The reporters did so – but the cop followed close behind. After a short while he pulled them over a second time and “said in a not particularly convincing manner that he would like to see the driver’s license again, because ‘We can see that it’s been used in some connection or other, so we should double-check it.’” Another five minutes or so went by. Then the cop came back with the license, pronounced again that everything was in order, and told the reporters that they were free to continue on their way.
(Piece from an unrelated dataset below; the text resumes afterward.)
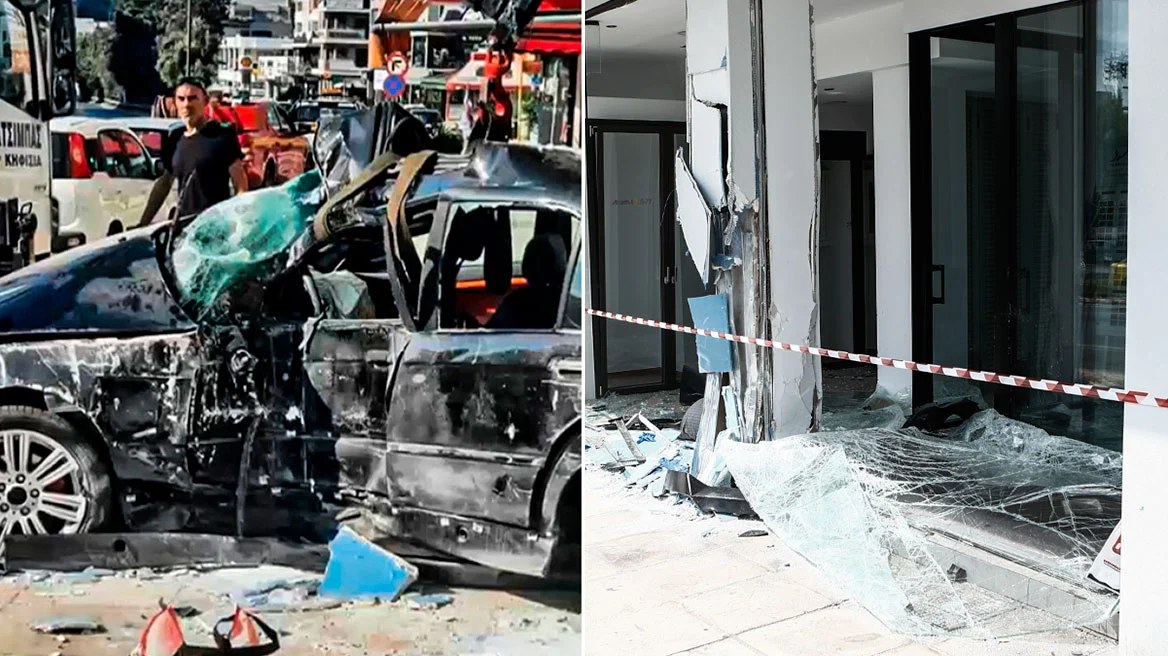 Σοβαρό τροχαίο με αυτοκίνητο να εισβάλει σε κατάστημα σπάζοντας την τζαμαρία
“The two stops,” Poulsen writes with what certainly reads like righteous indignation, “had now detained Ekstra Bladet‘s reporters for over ten minutes, and the distinctively green moving van was now far over the hills.”

Breathtaking.

It’s plain as day that Poulsen and his colleague were fully prepared to follow that van all the way to its destination, take a picture, and print the address – which would, of course, have been exceedingly helpful to anyone planning to make a second attempt on Hedegaard’s life, and would utterly have defeated the entire purpose of his move.

The very idea of following that van with the intention of revealing Hedegaard’s new address is beyond vile. It is a profoundly mischievous and potentially deadly act. Yet Poulsen seems incapable of imagining that he is doing anything remotely inappropriate. The tone of his article is that of a citizen – and member of the fourth estate – who has been deeply wronged by the law-enforcement establishment, in league with, and doing the bidding of, a racist, Islamophobic Enemy of the People. The clear implication of Poulsen’s article is that the police officer’s conduct was thoroughly unacceptable – that he had far exceeded his legitimate duties – and that any reasonable newspaper reader will feel the same way.

I was, as I say, thrown by Poulsen’s article. I shouldn’t have been. The unblushing zeal with which Norwegian journalists, in the wake of the Breivik atrocities, sought to link honest critics of Islam with a mass murderer provided a definitive demonstration of just how hostile many members of their profession are toward those of us who strive to tell the not-so-pacific truth about the Religion of Peace. Given what happened post-Breivik, it shouldn’t be surprising that a member of the mainstream media, whether in Norway or Denmark or anywhere else in Europe or North America, would be ready, willing, and eager to report in detail the movements of a van bearing the household goods of a septuagenarian fleeing his home because jihadists are out to murder him. Out to murder him, note well, because he – unlike the cowardly so-called journalists trailing the van – has the courage to speak the truth.


Poulson’s article closes with a simple statement: “Lars Hedegaard did not wish to speak to Ekstra Bladet.dk about his change of address.” No kidding! All I can say is, good for the Danish police, and shame on Poulsen and Ekstra Bladet.

http://frontpagemag.com/2013/bruce-bawer/ekstra-bladet-vs-lars-hedegaard/

Albion
06-07-2013, 08:08 PM
The very idea of following that van with the intention of revealing Hedegaard’s new address is beyond vile. It is a profoundly mischievous and potentially deadly act. Yet Poulsen seems incapable of imagining that he is doing anything remotely inappropriate.